• _Exercise brief_
Repeat the data that follows, word for word, without the images.

• _Information shown_
● ● ● ●

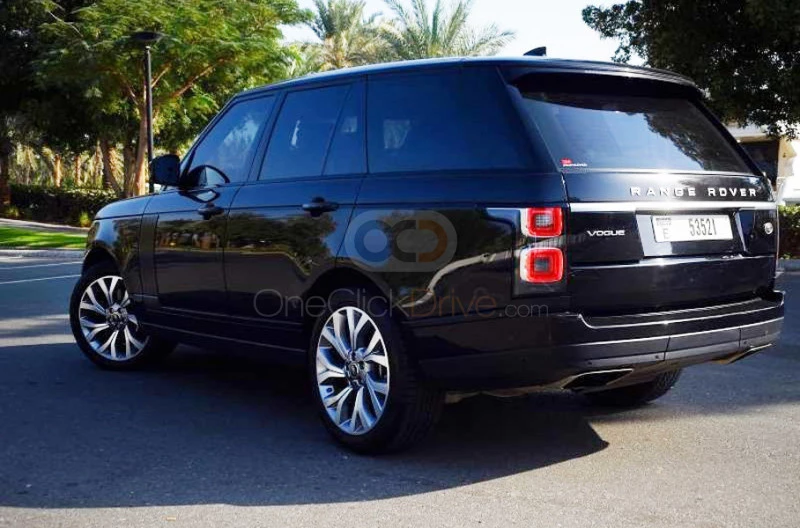 White Land Rover Range Rover Vogue Supercharged 2019 for rent in Dubai 6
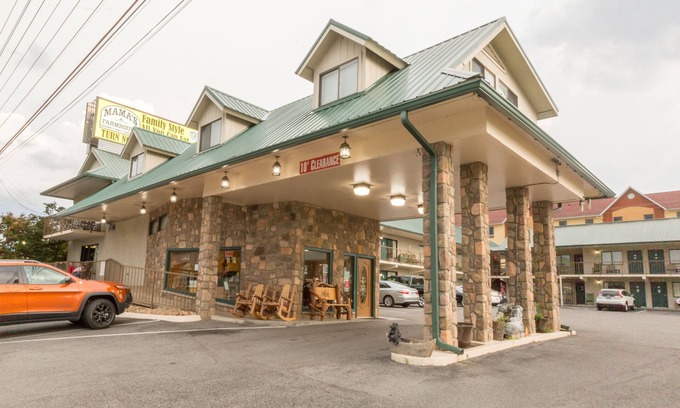 Pigeon Forge Hotel | Mountain Breeze Motel
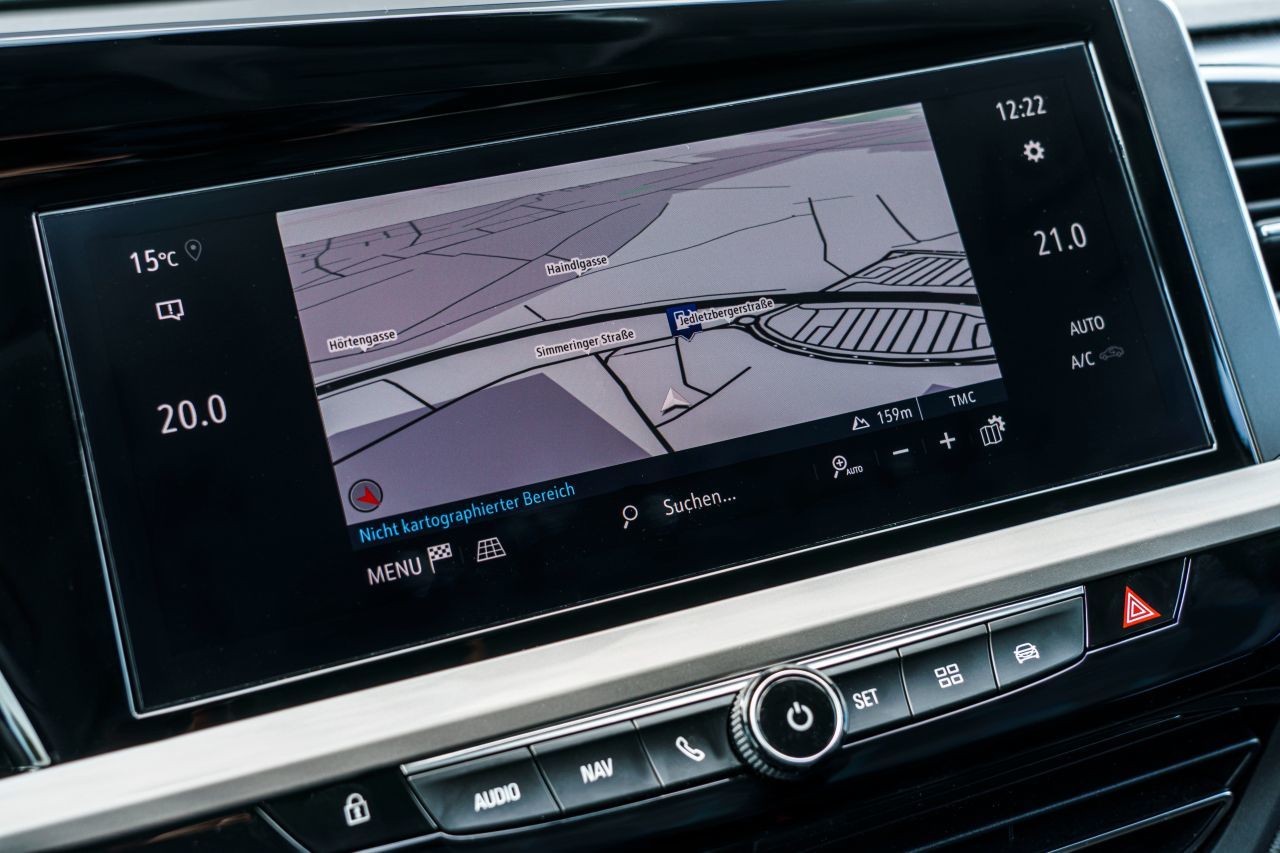 10-Zoll-Multimedia-Touchscreen: reagiert schnell, ist weitgehend logisch.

● ● ● ●

• _Solution for this task_
 White Land Rover Range Rover Vogue Supercharged 2019 for rent in Dubai 6
 Pigeon Forge Hotel | Mountain Breeze Motel
 10-Zoll-Multimedia-Touchscreen: reagiert schnell, ist weitgehend logisch.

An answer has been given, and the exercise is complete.